The White House announced Tuesday that President Bush plans to speak to the NAACP for the first time since taking office, after rejecting the civil rights group's invitations for five straight years.

White House spokesman Tony Snow said Mr. Bush decided to speak to the group Thursday because of "a moment of opportunity" for the president to tout his civil rights record and mend fences.

"He has an important role to play, not only in making the case for civil rights, but maybe more importantly, the case for unity," Snow said. "Because as long as we have a nation that's in any way divided along racial lines or where politics become a source of division rather one of civil debate and trying to perfect the democracy, that's a problem."

Mr. Bush's decision comes in a critical midterm election year, when Republicans fear losing control of Congress and the president has been working to get more votes for the GOP. Mr. Bush received just 11 percent of the black vote in the 2004 election.

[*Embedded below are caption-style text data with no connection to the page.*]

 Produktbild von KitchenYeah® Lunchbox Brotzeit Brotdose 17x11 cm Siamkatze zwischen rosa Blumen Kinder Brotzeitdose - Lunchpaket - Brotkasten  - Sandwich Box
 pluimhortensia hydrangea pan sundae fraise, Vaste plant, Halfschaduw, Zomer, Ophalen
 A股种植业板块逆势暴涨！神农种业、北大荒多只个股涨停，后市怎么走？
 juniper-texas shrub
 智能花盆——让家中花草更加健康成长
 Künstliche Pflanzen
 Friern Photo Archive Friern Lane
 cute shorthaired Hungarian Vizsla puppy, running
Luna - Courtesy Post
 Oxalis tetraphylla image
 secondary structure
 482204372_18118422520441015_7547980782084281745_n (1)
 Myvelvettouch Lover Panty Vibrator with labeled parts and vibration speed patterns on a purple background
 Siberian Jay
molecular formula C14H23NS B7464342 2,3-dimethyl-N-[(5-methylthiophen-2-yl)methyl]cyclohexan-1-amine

NAACP President Bruce S. Gordon said he was glad Mr. Bush is going to speak to the group, especially with renewal of the 1965 Voting Rights Act still before the Senate. "This is a great opportunity for the president to express his commitment for voting rights reauthorization," he said.

Every president for the past several decades has spoken to the group. Until now, Mr. Bush had been the exception.

The National Association for the Advancement of Colored People convention draws thousands each year, and Mr. Bush has been invited to speak every year since he became president. Each year he declines, citing a busy schedule, but there is also a history of bad blood between Mr. Bush and the group.

During the 2000 presidential campaign, the NAACP's National Voter Fund ran a television ad against Mr. Bush. The ad featured the daughter of James Byrd, a black man dragged to death by three white men in a pickup truck, blaming Mr. Bush for refusing her pleas for a hate-crime law when he was Texas governor.

Then, just before the 2004 election, the Internal Revenue Service began looking into the NAACP's tax-exempt status after a speech by NAACP Chairman Julian Bond that was largely critical of Mr. Bush's policies. Political campaigning is prohibited under the NAACP's tax-exempt status, but the Baltimore-based group called the audit a political smear campaign.

Bond spoke to the convention Sunday, blasting the war in Iraq and attacks on voting rights even as he urged Mr. Bush to attend this year with the convention being held about a mile from the White House.

"This year the convention has come to the president and we hope and pray he is coming to us," Bond said.

"Yes, they have political disagreements," Snow said, but he added that the president has a good relationship with Gordon, who has worked on restoring ties with the White House. "It marks an opportunity to have a conversation."

Gordon agreed. "The communications channels between the NAACP and the administration — I feel they're wide open," he said. "There ought to be a constructive dialogue between the president and the nation's oldest and largest civil rights organization. This is a good symbol."